Some thoughts about cache and swap
From: Lasse KÃrkkÃinen / Tronic
Date: Sat Jun 05 2004 - 13:17:25 EST
One thing where most current cache/swap implementations seem to fail
miserably is when user - for some reason - processes large amounts of
data. This may be as simple as listening large MP3 collection for few
hours (having very large working set, and pushing everything else out of
RAM, replacing that with cached songs).
Incidentally, in such cases, swapping the content is usually complete
waste, as it is unlikely that the same data is needed again, or if it
actually is required, the speed may not be any kind of issue.
In order to make better use of the limited cache space, the following
methods could be used:
1. highly preferable to cache small files only
* big seek latency of disk/net access, small RAM usage of caching
* applications with long loading times usually use big number of tiny
files => caching those makes response times a lot better
* higher probability of getting more hits (per consumed cache space)
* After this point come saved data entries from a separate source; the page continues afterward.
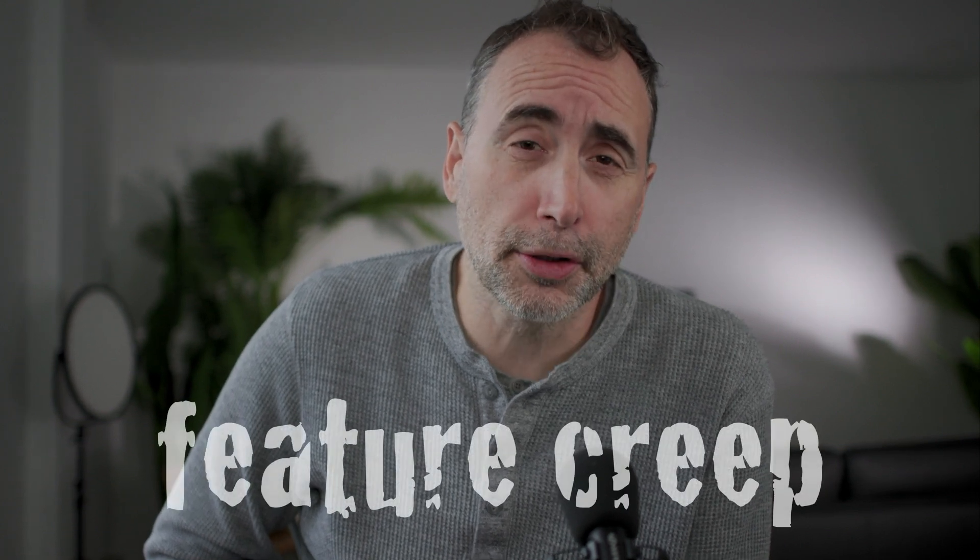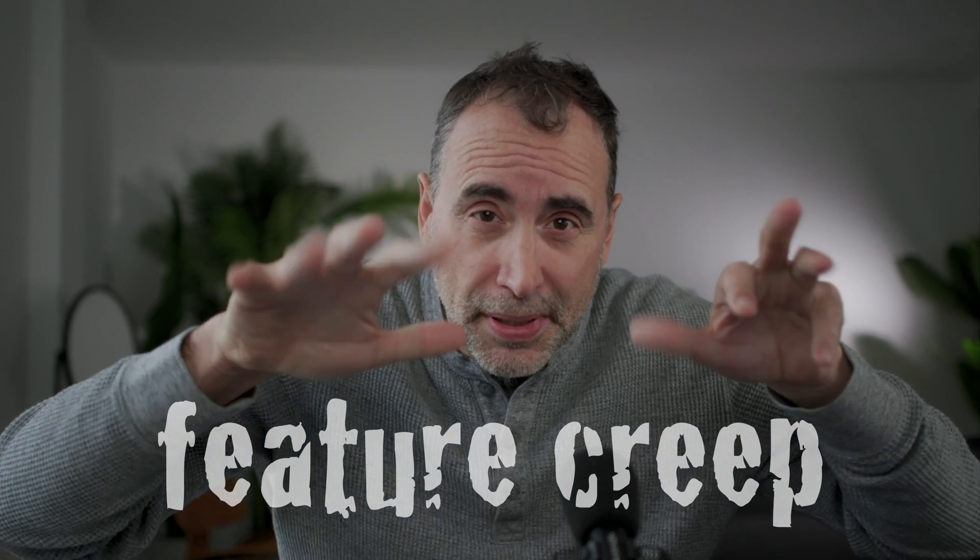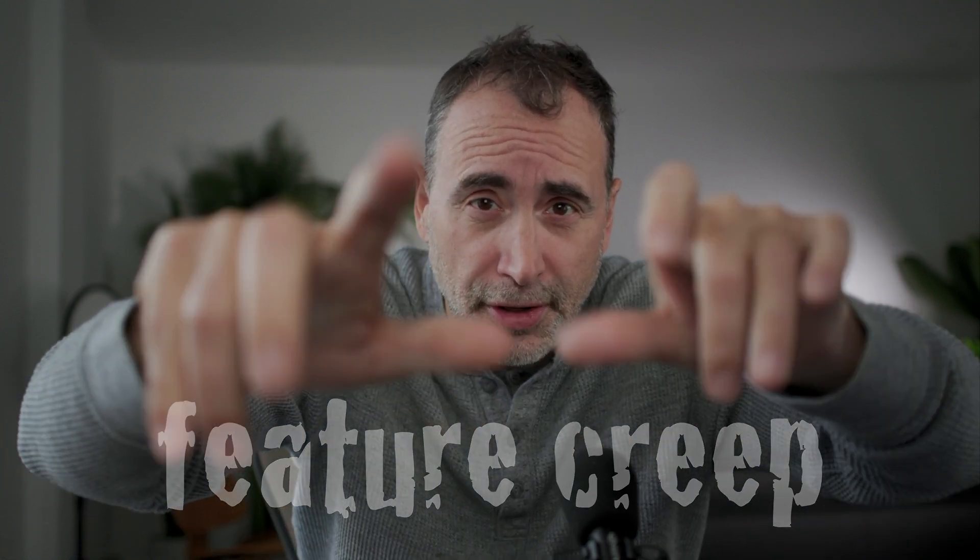I'm Uncle Steph. What's the one thing that is going to destroy your software? The one thing that's going to destroy your software is feature creep. Feature creep is the creeping of new features and functionality into your software that was not initially agreed upon at the inception of the software project.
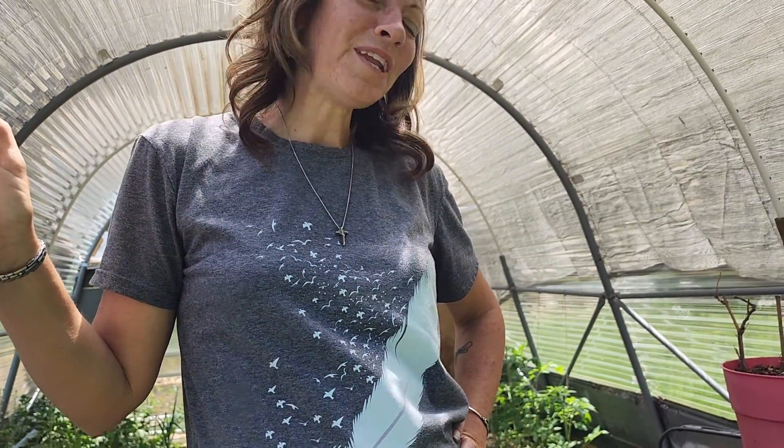Hi, we're down here in the greenhouse. It's been about two months since we completed it and started planting, so we'll give you a tour of what's growing. Come on in.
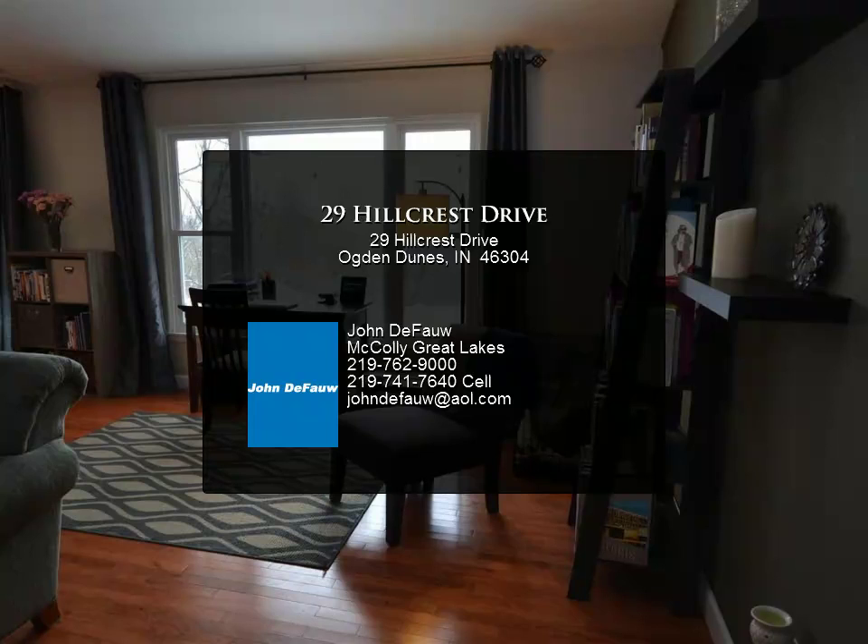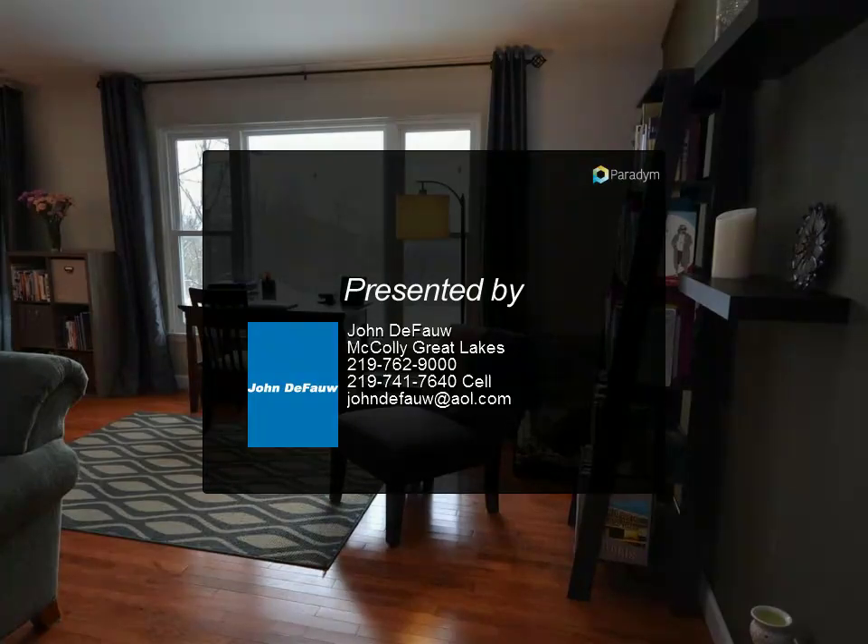Enjoy being surrounded by nature and the breathtaking views of Lake Michigan in your private, tranquil backyard.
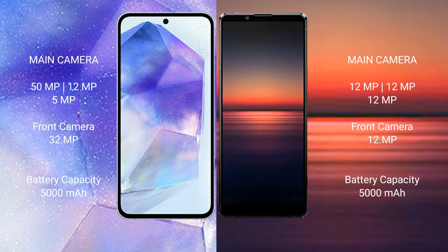Samsung Galaxy A55 has a 5000mAh battery with 25W fast charging support. Sony Xperia 1 Mark 4 also has a 5000mAh battery with 30W fast charging support.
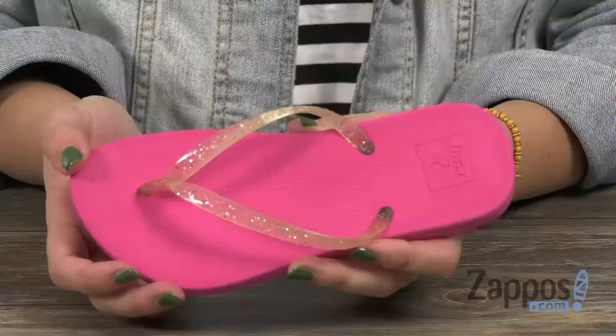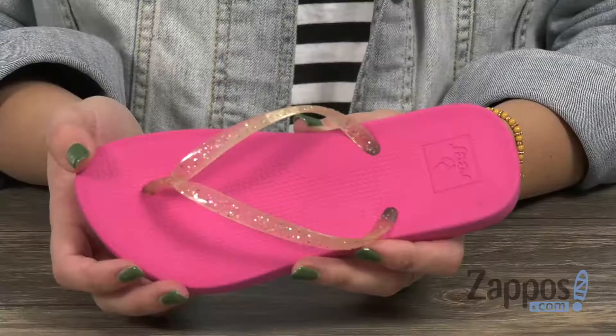Hi there, Autumn from Zappos here, and this is the Little Reef Escape Luxe Shimmer from Reef Kids. These sandals are 100% PVC free, they're lightweight, and they've got glittery straps that are strong but still soft. Got a comfy toe post too.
1.1. if caching large files anyway
* try to detect access type (sequential, highly spatial or random)
* only cache the hottest parts of the file
2. only cache files where I/O is the bottle neck
* if applications typically don't need the data faster, having it in
cache isn't very useful either
* detecting whether I/O is a limiting factor is difficult
Additionally, for machines with oversized RAM (like nearly all
desktop/server computers):
3. never (or only rarely) swap out applications for more cache
* eventually it will be restored to RAM and the user will notice
major trashing with long delays, and blame the OS
* applications only take small portion of the RAM and using that
as extra cache makes only small difference in cache performance
* if application or its data has been loaded to memory, there normally
is a reason for that (i.e. the data needs to be accessed quickly)
3.1. memory leaks are exception (but maybe fixing the bug would be
correct solution instead of obscuring the problem by swapping it out)
Definition of large file changes over time, as technology evolves
* size of RAM (and thus the available cache space)
* reading one megaoctet or doing single seek on modern HDD each consume
roughly the same time - about 13 ms (notice how evil seeking is!)